Louise Nadeau a dédié sa vie à la compréhension des dépendances à l'alcool et aux drogues. En 1972, après un baccalauréat et une maîtrise en psychologie à l'Université de Montréal, la jeune psychologue est devenue intervenante au centre de réadaptation Portage. C'est là qu'elle a vécu «une expérience extraordinaire», assure-t-elle. «Pendant des mois, j'ai partagé une chambre avec une résidante qui m'a raconté sa vie éprouvante. C'est là que j'ai compris tout ce que l'on ne m'avait pas appris à l'école. Violence, pauvreté, inceste, viol... On arrivait à comprendre pourquoi toutes ces personnes en étaient arrivées là.»

Elle s'envole ensuite vers la France, dans une clinique où elle approfondit l'importance de comprendre les liens qui unissent les psychopathologies et les facteurs comme l'éducation, le milieu de vie et le bagage génétique. Louise Nadeau revient ensuite au pays et entre à l'Université de Montréal. Féministe engagée, elle publiera, avec deux collègues, Va te faire soigner, t'es malade, en 1981. L'essai, qui remporte un vif succès, dénonce les préjugés sexistes dont sont victimes les femmes qui souffrent de problèmes mentaux.

La scientifique s'est toujours intéressée de près à la condition féminine. En 1982, elle obtient des fonds pour étudier la question de l'alcoolisme chez les femmes en Amérique du Nord. Avec cette monographie, Louise Nadeau est devenue la première à traiter du syndrome d'alcoolisation foetale.

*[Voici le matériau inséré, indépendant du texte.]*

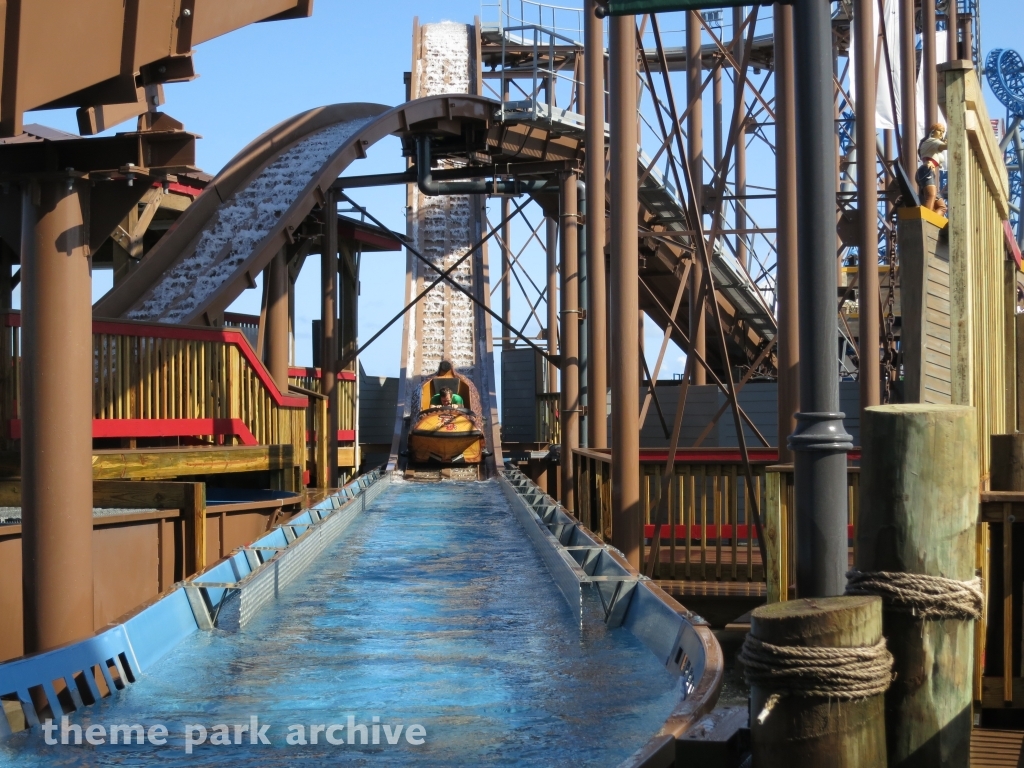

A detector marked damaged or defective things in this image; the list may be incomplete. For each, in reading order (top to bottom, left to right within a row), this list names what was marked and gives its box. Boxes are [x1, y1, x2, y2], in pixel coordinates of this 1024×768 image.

brown rusty pillar [20, 176, 94, 656]
brown rusty pillar [266, 248, 290, 390]
brown rusty pillar [320, 192, 340, 486]
brown rusty pillar [544, 216, 560, 396]
brown rusty pillar [560, 171, 576, 512]
brown rusty pillar [584, 0, 608, 450]
brown rusty pillar [608, 10, 640, 564]
brown rusty pillar [688, 10, 704, 384]
brown rusty pillar [776, 3, 800, 462]
brown rusty pillar [856, 0, 880, 414]
brown rusty pillar [900, 0, 916, 165]
brown rusty pillar [920, 0, 936, 130]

La chercheuse s'est ensuite inscrite au doctorat en psychologie à l'Université du Québec à Montréal. Elle a approfondi ses connaissances sur le sujet en rencontrant des femmes qui souffrent de dépression et qui ont commencé à boire avec excès. «Les personnes vulnérables sont toujours plus à risque», résume-t-elle.

Prôner la modération

C'est en 1990 que la Société des alcools (SAQ) l'approche pour son organisme Educ'alcool. Présidente depuis 2007, Louise Nadeau est très fière du chemin parcouru, bien qu'elle avoue qu'il reste encore beaucoup à faire. «Nous avons réussi à montrer, souvent avec humour, que la modération a bien meilleur goût. Mais Educ'alcool, ce n'est qu'un début. Il faut d'autres mesures pour empêcher les gens de se saouler. Il faudrait, par exemple, que les bars refusent de servir les gens intoxiqués. Ce sont les intoxications qui coûtent cher à la société. Chicane, bagarre, perte de productivité, accident, etc. Le tiers des victimes de traumatismes crâniens sont intoxiquées au moment de leur accident.»

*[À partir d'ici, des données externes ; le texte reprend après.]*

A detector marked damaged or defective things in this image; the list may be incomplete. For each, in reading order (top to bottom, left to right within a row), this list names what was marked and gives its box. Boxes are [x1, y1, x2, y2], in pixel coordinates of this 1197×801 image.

La chercheuse est aussi associée à l'Institut universitaire de santé mentale Douglas de l'Université McGill. Cette équipe a fait des percées importantes en matière de prédiction du risque de récidive pour les conducteurs avec capacités affaiblies. Louise Nadeau travaille à mieux saisir les liens entre le processus de prise de décision, l'impulsivité et certains déficits neuropsychologiques. «Nous avons travaillé, avec la Société de l'assurance automobile (SAAQ) afin d'élaborer le règlement du 1er juillet dernier qui permet le retrait du permis de conduire à tous ceux qui atteignent les 160 mg d'alcool ou qui ont eu une condamnation dans les 10 dernières années, ou qui refusent le test d'alcoolémie», souligne-t-elle.

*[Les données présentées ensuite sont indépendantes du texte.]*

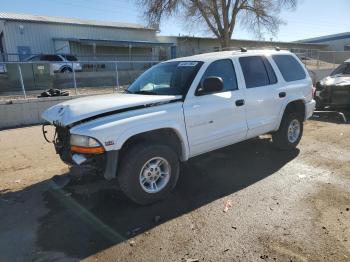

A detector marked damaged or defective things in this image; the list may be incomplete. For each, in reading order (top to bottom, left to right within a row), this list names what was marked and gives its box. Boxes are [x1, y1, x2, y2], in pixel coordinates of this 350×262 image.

damaged front bumper [42, 123, 119, 180]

Touche à tout, Louise Nadeau termine une étude sur le jeu en ligne, commandée par le ministère des Finances. La dépendance aux jeux de hasard et d'argent ne date pas d'hier. La preuve: elle dirige actuellement la traduction, du latin au français, du premier livre connu sur le jeu pathologique. L'ouvrage date de 1561. «Imaginez: l'auteur, médecin de formation, privilégiait déjà la thérapie cognitive pour les joueurs pathologiques. Et il parle d'espoir aussi... Tout ça en latin du XVIe siècle!»